FIG. 8 is a circuit diagram of a superconducting double-loop sigma-delta modulator, for example, described in Non-Patent Document 3. An input signal X(z) is supplied to a node 801. A resistance R1 is connected between the node 801 and the ground. A series connection of a superconducting inductor L1 and a feedback driver 802 is connected between nodes 801 and 803. A resistance R2 is connected between the node 803 and the ground. A superconducting inductor L2 is connected between nodes 803 and 804. A Josephson junction 805 is connected between the node 804 and the ground. The sampling clock signal SMP is supplied to the node 804. The output signal Y(z) of the node 804 is fed back as a trigger signal of the feedback driver 802. The feedback driver 802 can output multiple number of flux quanta of M×Φ0. The output signal Y(z) triggers two feedback loops: feedback to an integrator of the superconducting inductor L2 and feedback to an integrator of the superconducting inductor L1.
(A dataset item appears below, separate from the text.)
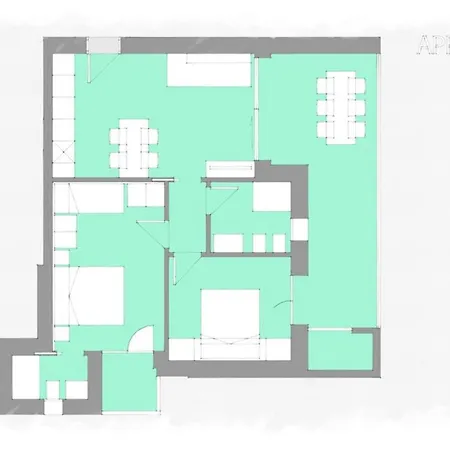 Apartment Bright 300m From The Sea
Moreover, in the following Patent Document 1, a second-order sigma-delta modulator is described. However, a method of realizing the second-order sigma delta modulator using superconductivity is not described.
(Non-Patent Document 1)
IEEE Trans. Appl. Supercond., Vol. 3, pp. 2732–2735, March 1993.
(Non-Patent Document 2)
IEEE Trans. Appl. Supercond. Vol. 9, pp. 4026–4029, June 1999.
(Non-Patent Document 3)
IEEE Trans. Appl. Supercond. Vol. 5, pp. 2248–2251, June 1995.
(Non-Patent Document 4)
Technical Report of the Institute of Electronics, Information and Communication Engineers, SCE2003-27, Oct. 17, 2003
(Patent Document 1)
Japanese Patent Publication No. Hei 3-928
(Patent Document 2)
Japanese Patent Application Laid-open No. 2001-102929
The modulator in FIG. 8 needs the feedback driver 802 which feeds back multiple (the number M of) single flux quanta to the second feedback loop. This feedback driver 802 is very difficult to design using the technology of a single flux quantum circuit having small driving force by nature, which becomes a bottleneck in realizing a high-order low-pass sigma-delta modulator.
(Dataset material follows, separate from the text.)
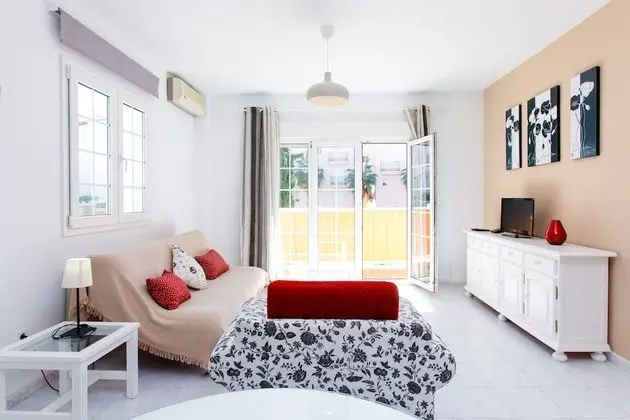 Deluxe Apart Daire, 1 Yatak Odası, Teras, Havuz Manzaralı (Apartamento N1)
FIG. 9 is a graph showing a relation between an SN ratio of each type of low-pass sigma-delta modulator and a sampling frequency. The analog signal bandwidth is assumed to be 100 MHz. A curve 901 represents an SN ratio of the superconducting single-loop sigma-delta modulators shown in FIG. 6 and FIG. 7. The SN ratio of the superconducting single-loop sigma-delta modulator coincides with an SN ratio of a model of an ideal first-order sigma-delta modulator. A curve 902 shows an SN ratio calculated from an analytical solution of a transfer function of the superconducting double-loop sigma-delta modulator (M=64) in FIG. 8. A curve 903 shows a curve representing an SN ratio of a model of an ideal second-order sigma-delta modulator. The SN ratio of the superconducting double-loop sigma-delta modulator with the curve 902 does not coincide with the SN ratio of the model of the ideal second-order sigma-delta modulator with the curve 903, and hence it can be seen that although the SN ratio higher than the SN ratio of the superconducting single-loop sigma-delta modulator of the curve 901 can be obtained, the gain M of the feedback driver 802 is considerably high, and that the sufficient SN ratio cannot be achieved unless the sampling frequency is set sufficiently high. In the case of the feedback gain M=64 shown, a circuit scale of several hundred junctions is necessary in order to compose the modulator, whereby not only design but also circuit fabrication is difficult.